It’s really just that easy. One day, you wake up and you effortlessly sell more effectively than you ever imagined possible. The only trouble is that there are thousands of days between today and that day.
Practice Makes Perfect
I have always hated the saying “Practice doesn’t make perfect. Perfect practice makes perfect.” There is no such thing as perfect practice. Practice is the fine art of making mistake after mistake and correction after correction on your way to finally gaining something that looks like competency. Only when you get to competency can you even begin to shoot for something resembles perfect.
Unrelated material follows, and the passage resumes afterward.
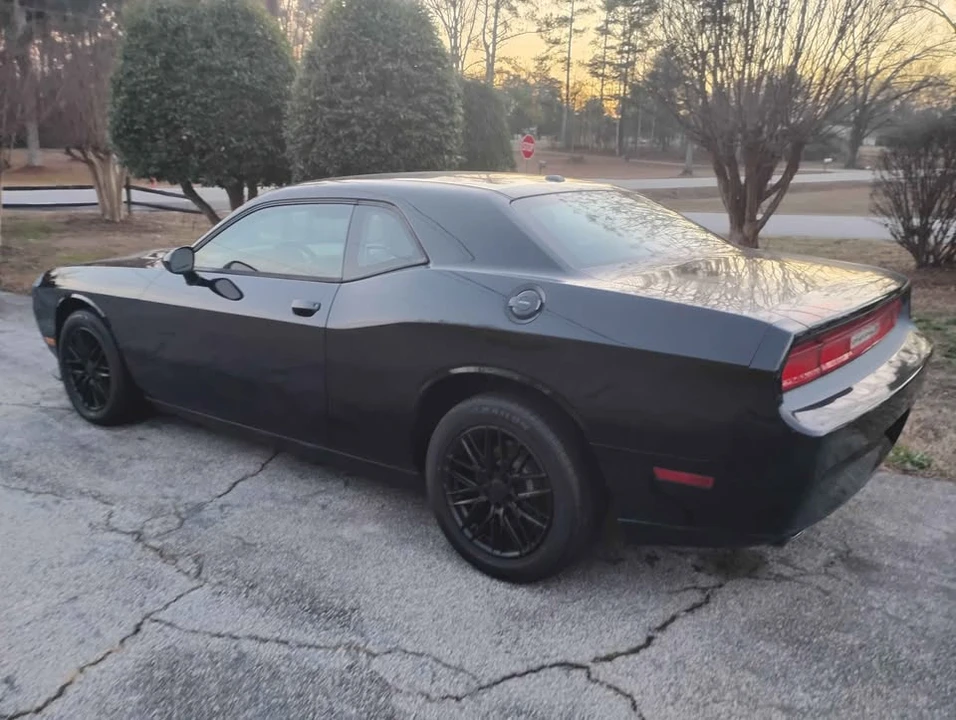 2013 Dodge Challenger 3rd Gen - Image 8 of 8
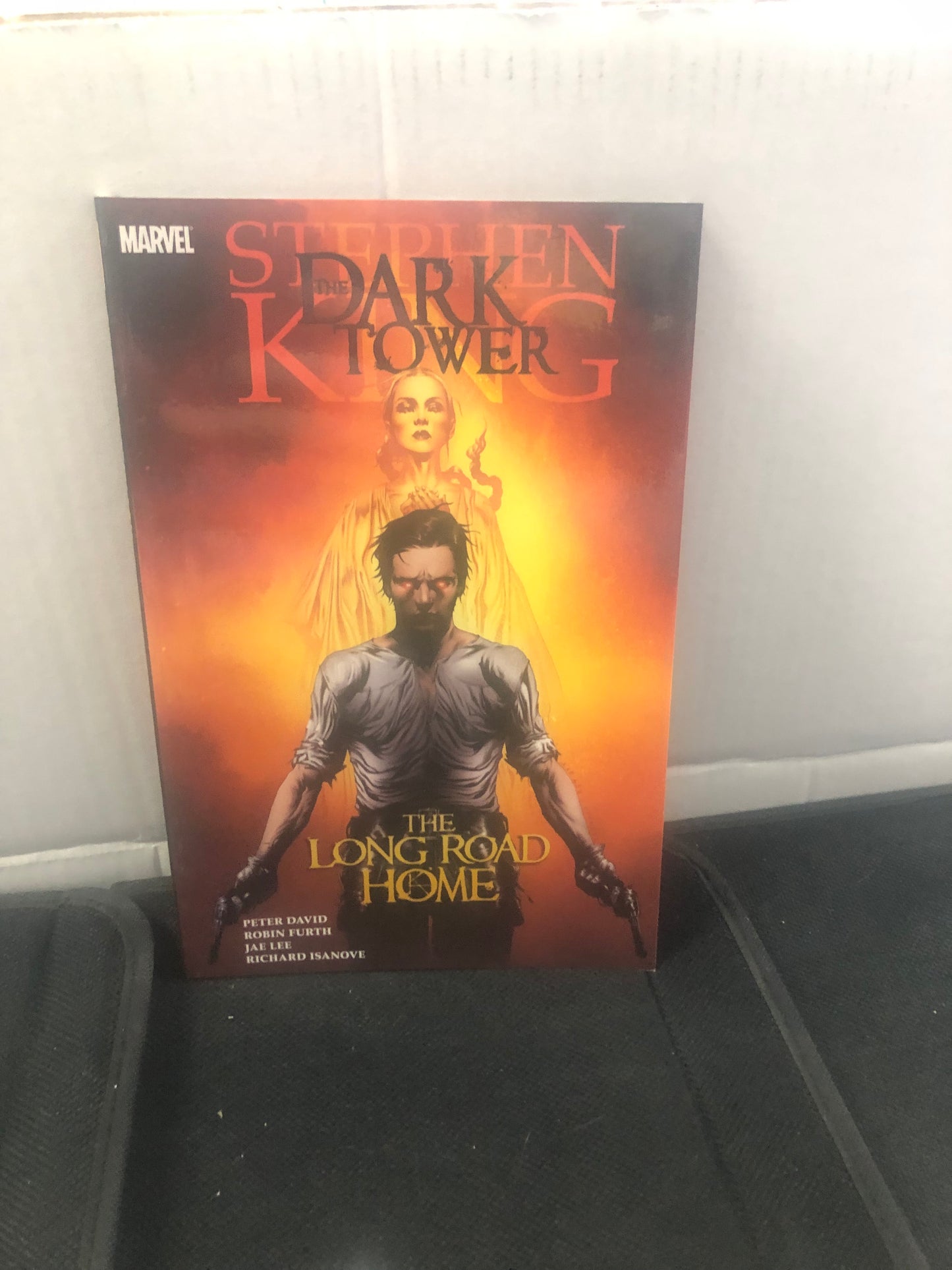 MARVEL COMICS THE DARK TOWER THE LONG ROAD HOME (2010)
Selling well is no different. You try some things. Some things work, others are horrendous mistakes that lead to abysmal failures. But the painful lessons learned are what teach you not to repeat your mistakes.
It takes hours, days, weeks, months, and years of practice.
Painful Lessons Make Good Learning
I have always taught salespeople to never leave a face-to-face meeting or sales interaction without scheduling their next appointment. It’s easier to obtain that commitment when you are sitting face-to-face with your dream client with your calendar open in front of you.
Preach as I may, some salespeople leave their appointment with no future commitment. They return to their office, proud of how well their sales call went, and full of hope. Then, they begin the painful struggle of securing the future commitment, devastated that their phone calls go unreturned, their emails go unanswered, and their opportunity sits stalled in their pipeline for weeks—or longer.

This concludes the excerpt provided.